Ainda a respeito do impacto da COVID-19 no mundo contemporâneo, Carlos Fortuna nota que as medidas sanitárias de isolamento social e de confinamento físico doméstico colocaram “a cidade [...] em suspenso”, alterando as dinâmicas urbanas (FORTUNA, 2020). Esta suspensão transformou violentamente as paisagens de cidades e localidades: as paisagens exteriores e de espaços públicos, agora despidos das vozes e dos corpos que antes as povoavam, ou estranhamente repovoados por vozes e corpos isolados atrás de máscaras e obrigados ou aconselhados à distância social, nem sempre possível; mas também as paisagens mais íntimas e familiares, expostas/invadidas pelo ruído de vozes mais ou menos estranhas e pelo simulacro virtual de corpos intangíveis, num processo já antes sobejamente experienciado nas sociedades contemporâneas, mas agora intensificado e tornado inevitável. Portanto, espaços urbanos exteriores e interiores que implicaram a re-invenção de formas alternativas de o serem, de os habitar e de os imaginar, relativamente às que antes pareciam inquestionáveis e que, também agora, merecem ser interrogadas.

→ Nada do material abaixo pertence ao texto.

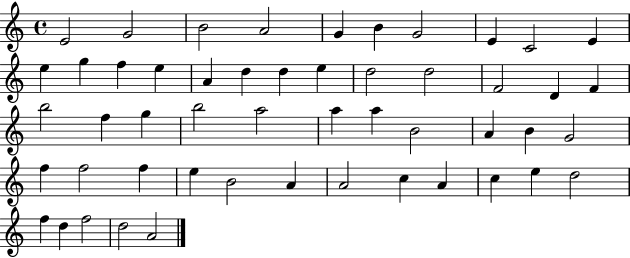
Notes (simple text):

Na verdade, a pandemia também iluminou desigualdades sociais e ambientais tanto nas formas de convivência com o vírus, como no acesso ao tratamento e a medidas sociais de prevenção do contágio; mostrou como formas distintas de habitar decorrem dessas assimetrias que convivem num mesmo território, determinando maiores ou menores vulnerabilidades ao risco de não sobrevivência.

Assim, aos tópicos já acima enunciados neste convite à reflexão/publicação, acrescentamos, a título indicativo, outras questões:

a) O que significa habitar (desabitar e reabitar) um espaço na contemporaneidade (pré-COVID e pós-COVID)? O que será (no presente, no passado e no futuro) um espaço habitado e um espaço desabitado?

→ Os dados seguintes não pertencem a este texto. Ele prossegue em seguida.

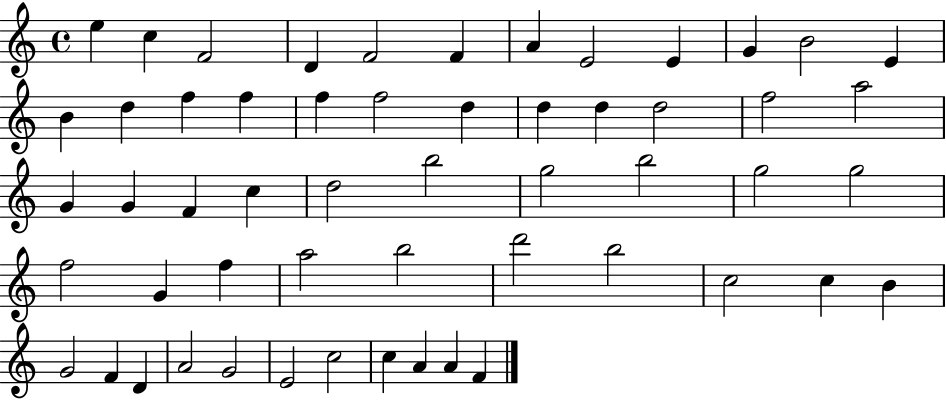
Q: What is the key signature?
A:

b) Que problemas, que desafios e/ou que oportunidades são hoje colocados quando se habita, desabita e/ou reabita um espaço?

c) Quem pode e como se pode habitar espaços virulentos ou higienizados?

d) Em que medida, a análise crítica de modos de habitar contemporâneos, mais convencionais ou mais inusitados e alternativos, nos permite aferir da universalidade e da validade da “sourde sacralisation” a que se reportava Foucault?

e) Em que medida, formas de habitar emergentes se distanciam ou aproximam de modelos de habitar anteriores ou esquecidos/ignorados?

f) Poderá uma crise pandémica constituir uma oportunidade para criar formas de habitar o mundo mais sustentáveis e justas do ponto de vista ecossociocultural?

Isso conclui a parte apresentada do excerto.